REQUIRED ACTION → Pictures in the records below are skipped; the rest is copied exactly.

GIVEN ENTRIES →
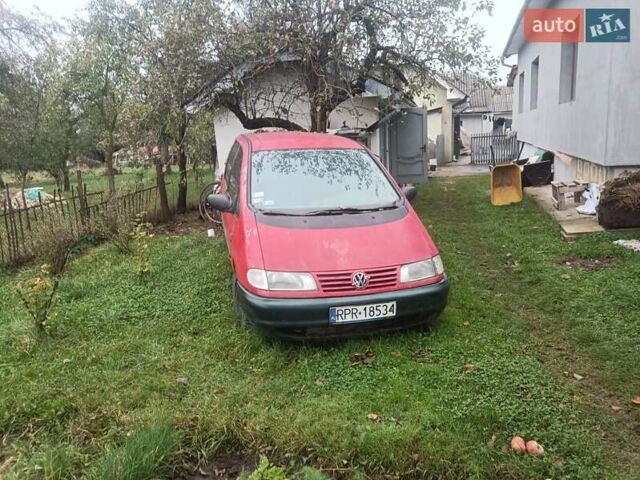 Червоний Фольксваген Шаран, об'ємом двигуна 1.9 л та пробігом 200 тис. км за 1500 $, фото 6 на Automoto.ua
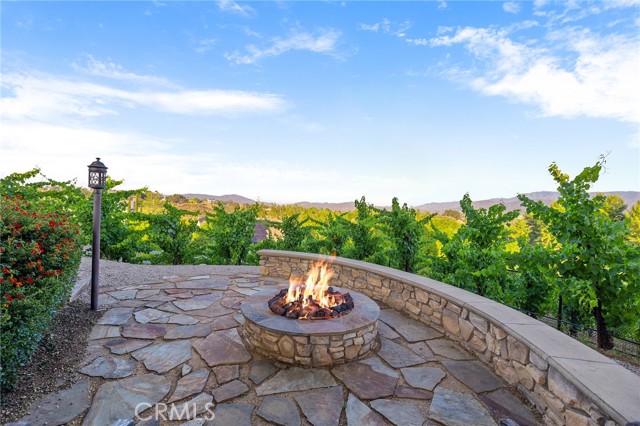 33260 Susan Grace Court, Temecula CA: https://media.crmls.org/medias/11c95ada-ebac-4cec-a950-d12b75199cde.jpg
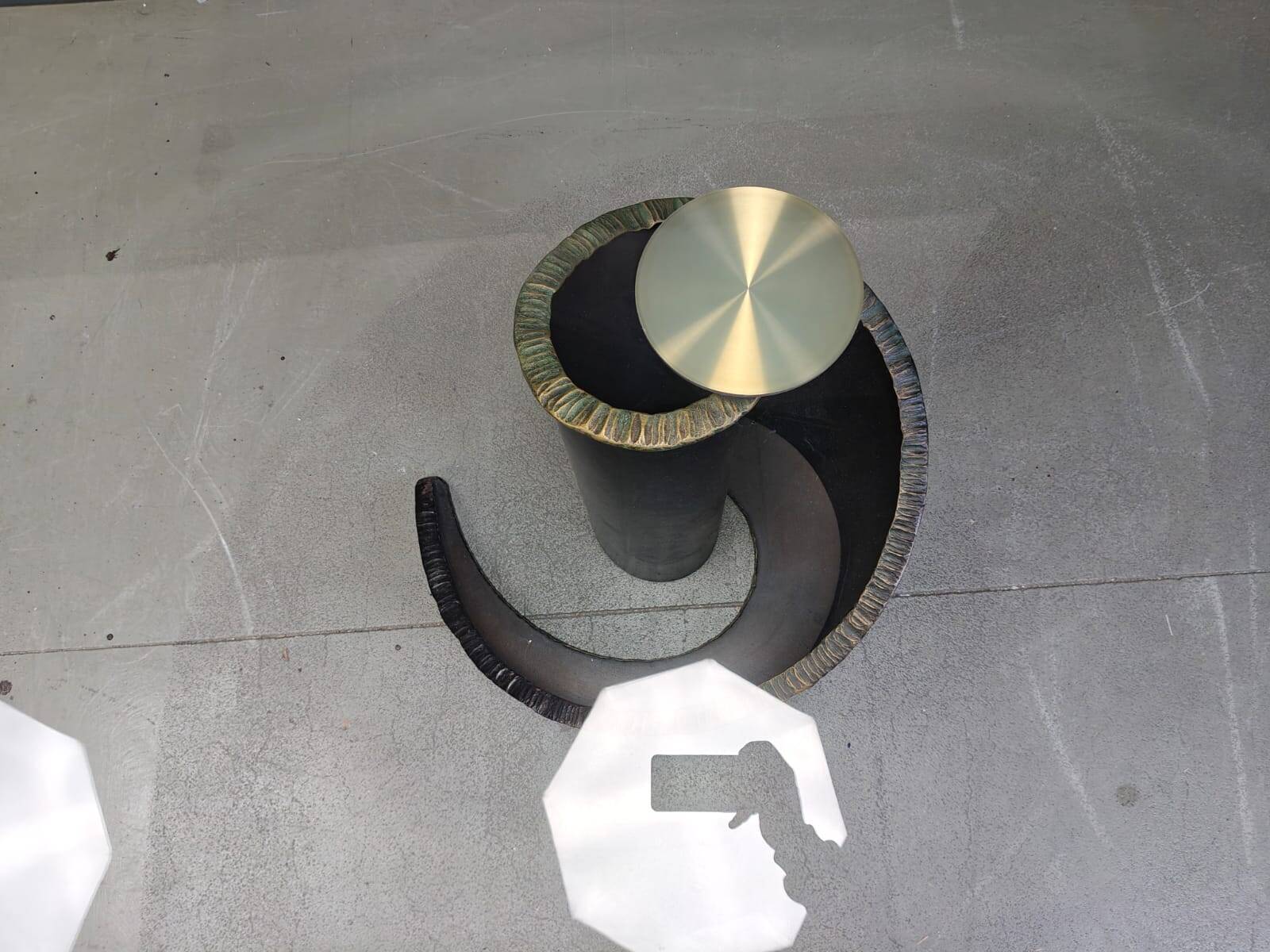 Table de salle à manger en verre et bronze de style brutaliste des années 1990, signée Barilone pour Roche B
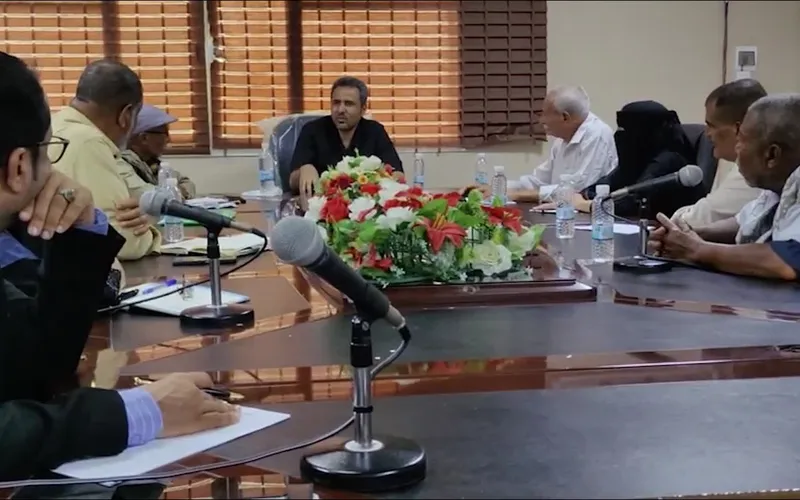 محافظ لحج يناقش دعم جمعيات ذوي الهمم ويوجه بالترتيب لعرس جماعي الشهر القادم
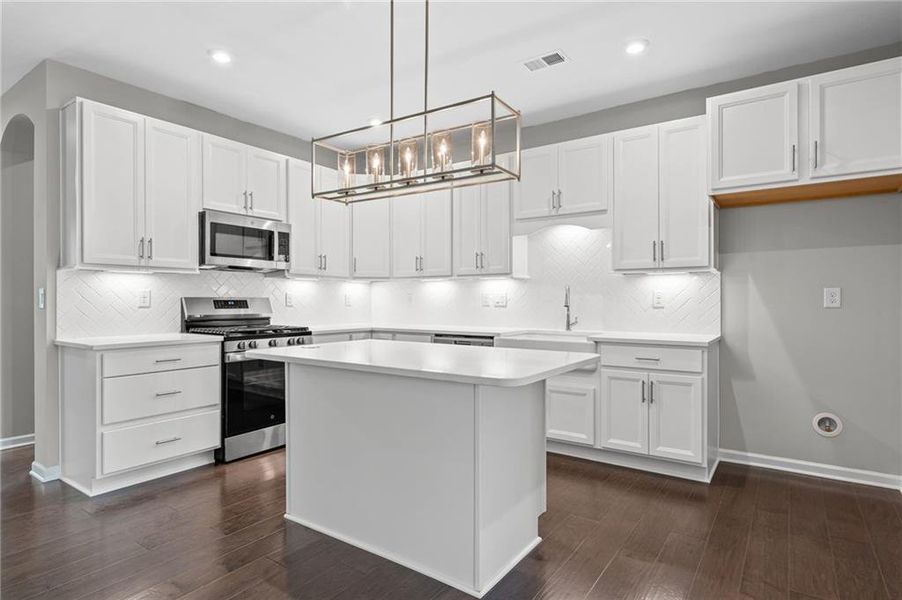 Furnished interior view inside a new home in Laurel Farms, Dallas (Image 11).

YOUR SOLUTION →
 Червоний Фольксваген Шаран, об'ємом двигуна 1.9 л та пробігом 200 тис. км за 1500 $, фото 6 на Automoto.ua
 33260 Susan Grace Court, Temecula CA: https://media.crmls.org/medias/11c95ada-ebac-4cec-a950-d12b75199cde.jpg
 Table de salle à manger en verre et bronze de style brutaliste des années 1990, signée Barilone pour Roche B
 محافظ لحج يناقش دعم جمعيات ذوي الهمم ويوجه بالترتيب لعرس جماعي الشهر القادم
 Furnished interior view inside a new home in Laurel Farms, Dallas (Image 11).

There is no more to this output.